Manufacturers distinguish between combination devices with the same dimensions as standard household ovens (SMS: 76.2 cm, including drawer) and compact half-size devices (SMS: 38.1 cm) that may be either only steam ovens, or combined steamers with baking functions.
The size of the usable cooking chamber space may vary based on the method used to generate steam and the location of the water container. Models with water containers on the side have taller, narrower cooking chambers than those whose containers are above or below the cooking chamber.
Many new private kitchens include compact combi steamers as an alternative to built-in microwave ovens. When employed as an auxiliary appliance to normal ovens, combi steamers provide several advantages over microwave ovens:

- They allow new combination options when preparing meals, for example steaming vegetables or preparing a gratin in the combi steamer while roasting or braising meat in the conventional oven.
- They can be used to reheat previously prepared food (so-called "regeneration") and give it new characteristics; some foods can be reheated more effectively in combi steamers than in microwaves thanks to the combination of heat and steam. The units also make it possible to regenerate more than one plate of food at the same time.
- For meals consisting of (for example) just a pizza or a gratin, combi steamers can save energy compared to conventional ovens, since the chambers being heated are significantly smaller.
Built-in units cannot be disconnected from mains power. Even when the devices are switched off, their electronics still require electricity.

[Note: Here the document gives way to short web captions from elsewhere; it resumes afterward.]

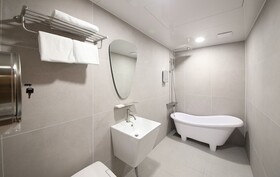 Brown Dot Hotel Sinan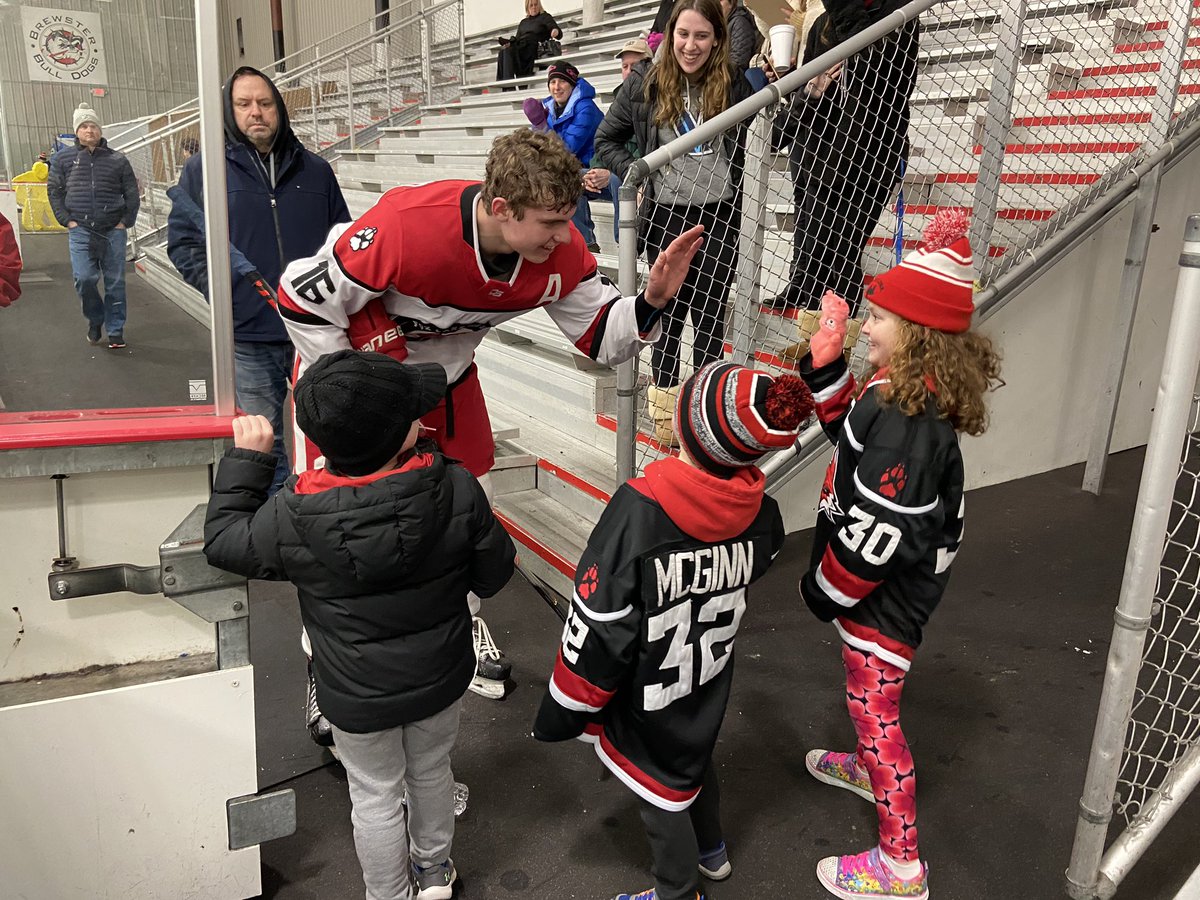 Adam Maiorano saying hello to some Fox Lane fans at Lakeland game. Tough loss for @FoxLaneHockey but skated tough all game! #FoxesUp 🦊🤘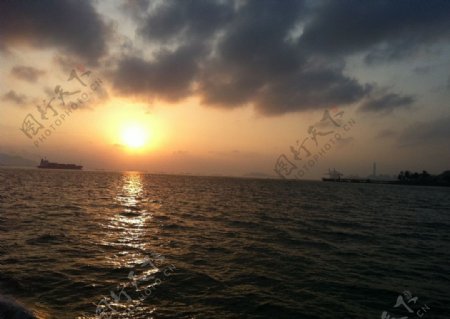 海上夕阳晚景图图片
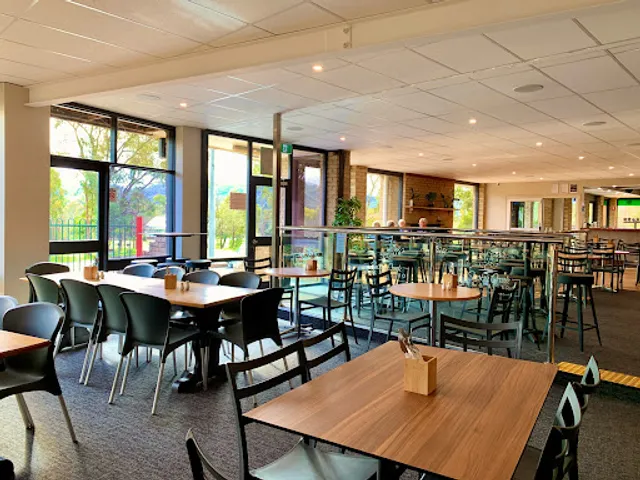 Snobs Creek Holiday Park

Newer models with so-called stand-by modes often consume far less power in this way than older devices: even though the older models did not contain as many electronic components, they still typically required between 5 and 10 watts of power at all times for the clock, time display and controls. Under Swiss law, as of the beginning of 2013, new household appliances may require no more than one watt of power when in stand-by mode.

=== Countertop appliances ===
In addition to full-size ovens, there are also smaller, countertop combi steamers for private household usage as well. These countertop appliances have the same characteristic changes as the full-size household appliances, except that they are smaller, and cost significantly less than a full-size oven.